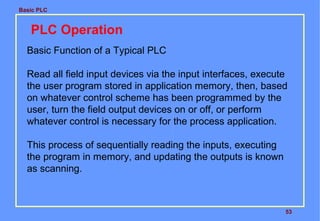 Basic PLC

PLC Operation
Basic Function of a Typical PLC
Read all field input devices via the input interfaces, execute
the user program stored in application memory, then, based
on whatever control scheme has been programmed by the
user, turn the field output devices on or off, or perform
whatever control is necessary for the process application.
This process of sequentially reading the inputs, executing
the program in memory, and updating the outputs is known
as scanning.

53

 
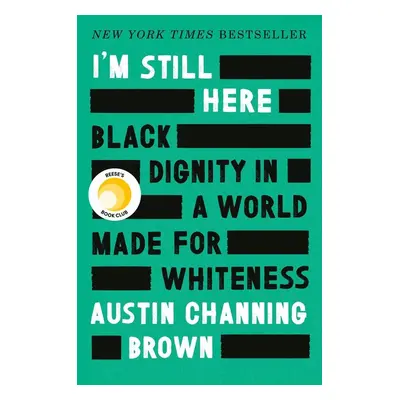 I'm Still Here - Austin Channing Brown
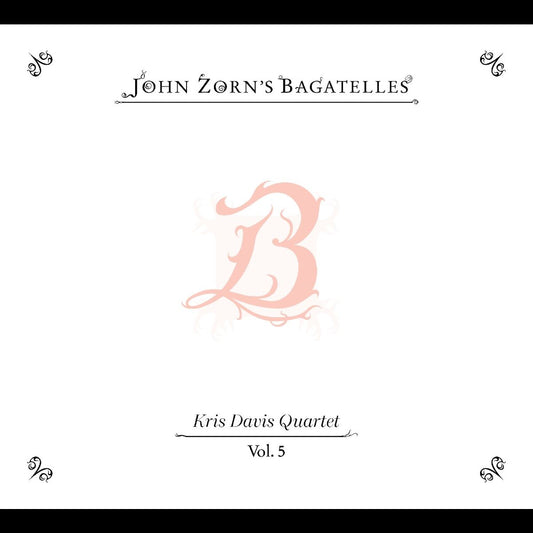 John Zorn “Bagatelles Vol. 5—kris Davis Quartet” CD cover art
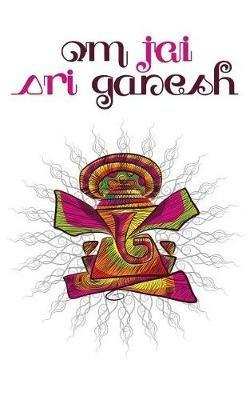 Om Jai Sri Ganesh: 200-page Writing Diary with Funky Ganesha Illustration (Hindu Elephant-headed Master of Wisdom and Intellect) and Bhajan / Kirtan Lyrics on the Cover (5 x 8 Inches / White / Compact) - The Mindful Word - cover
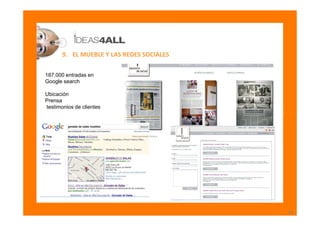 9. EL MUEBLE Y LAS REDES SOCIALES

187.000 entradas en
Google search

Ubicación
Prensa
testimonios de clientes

# # # #

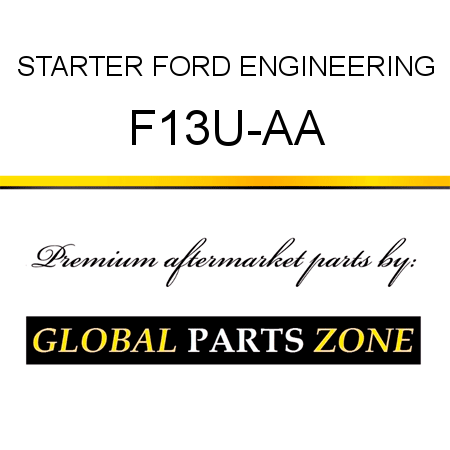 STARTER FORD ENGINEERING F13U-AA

# # # #

▶ _HOW TO COMPLETE THIS TASK_
Print the line above containing "Basic Function of a Typical PLC", the line containing "CD cover art", and everything between them, exactly as written. Pictures stay out.

▶ _YOUR RESPONSE_
Basic Function of a Typical PLC
Read all field input devices via the input interfaces, execute
the user program stored in application memory, then, based
on whatever control scheme has been programmed by the
user, turn the field output devices on or off, or perform
whatever control is necessary for the process application.
This process of sequentially reading the inputs, executing
the program in memory, and updating the outputs is known
as scanning.

53

 
 I'm Still Here - Austin Channing Brown
 John Zorn “Bagatelles Vol. 5—kris Davis Quartet” CD cover art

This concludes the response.